Intellectual disability (ID) and autism spectrum disorder (ASD) are common, co-occurring developmental disorders and are frequently associated with sleep problems. This study aimed to assess the effectiveness and tolerability of agomelatine as a pharmacotherapy for sleep problems in ASD adults with ID.
A randomised, crossover, triple-blind, placebo-controlled clinical trial, with two three-month periods of treatment starting with either agomelatine or placebo and a washout period of two weeks. Ambulatory circadian monitoring (24 hours/7 days) evaluated total sleep time (TST) as the primary outcome variable.
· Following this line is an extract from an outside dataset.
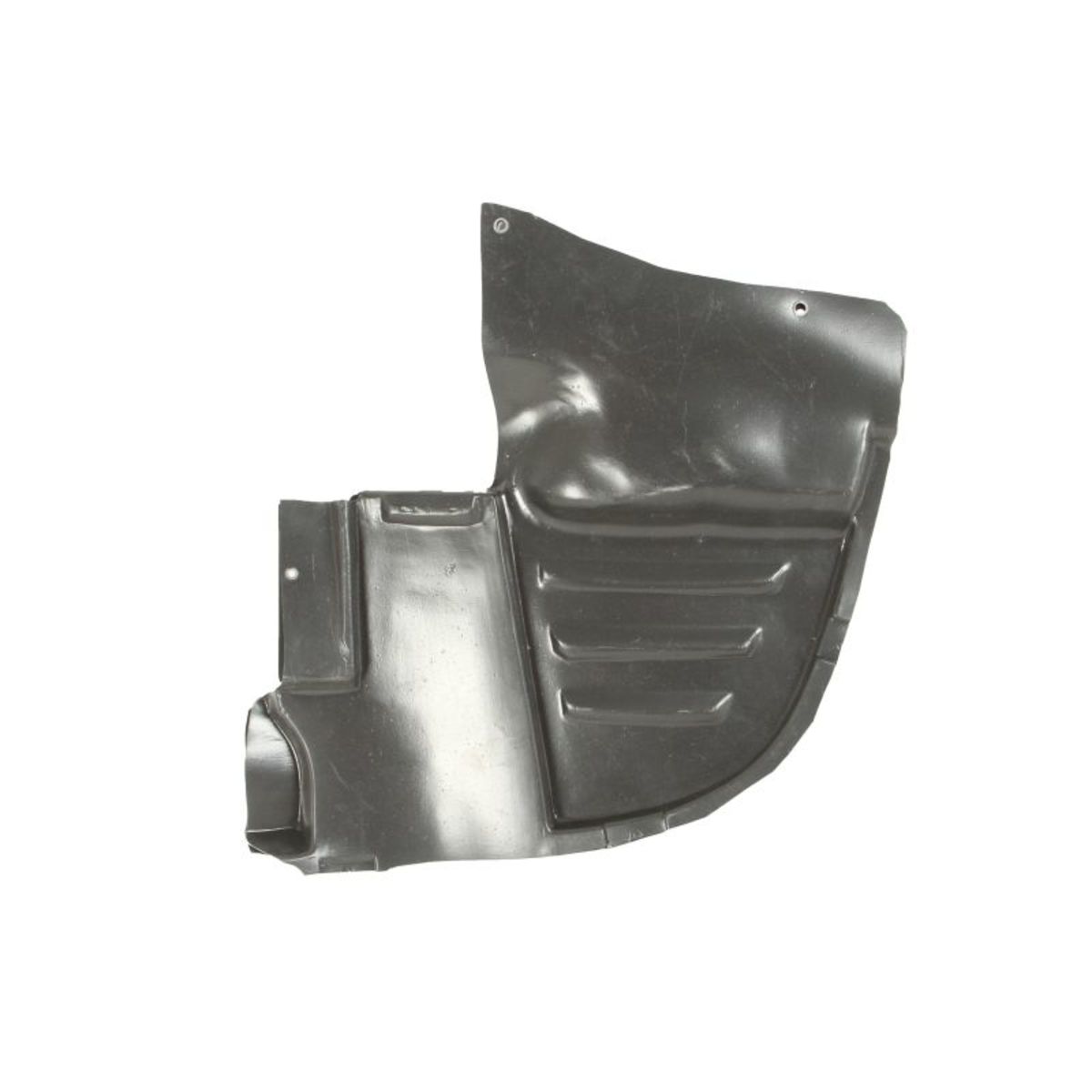 Blic Afdekking motor  6601-05-0000019P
Participants ( N=23; 35±12 years old; 83% male) had a median of three (interquartile range (IQR) 1–4) co-morbidities and were taking a median of five (IQR 2–7) prescribed drugs. Before agomelatine or placebo treatment, all subjects presented with insomnia symptoms, including sleep latency (100% abnormal, 55±23 minutes) or TST (55% abnormal, 449±177 minutes), and 66% had circadian rhythm sleep–wake abnormalities with rhythm phase advancements according to the M5 sleep phase marker values. During the three-month agomelatine treatment, night TST significantly increased by a mean of 83 minutes (16% abnormal, 532±121 minutes), together with a phase correction (M5 1:45±2:28 hours vs. 3:15±2:20 hours), improving sleep stability in wrist temperature rhythm (0.43±0.29 vs. 0.52±0.18 AU). Adverse events were mild and transient.
Agomelatine was effective and well tolerated for treating insomnia and circadian rhythm sleep problems present in adults with ASD and ID.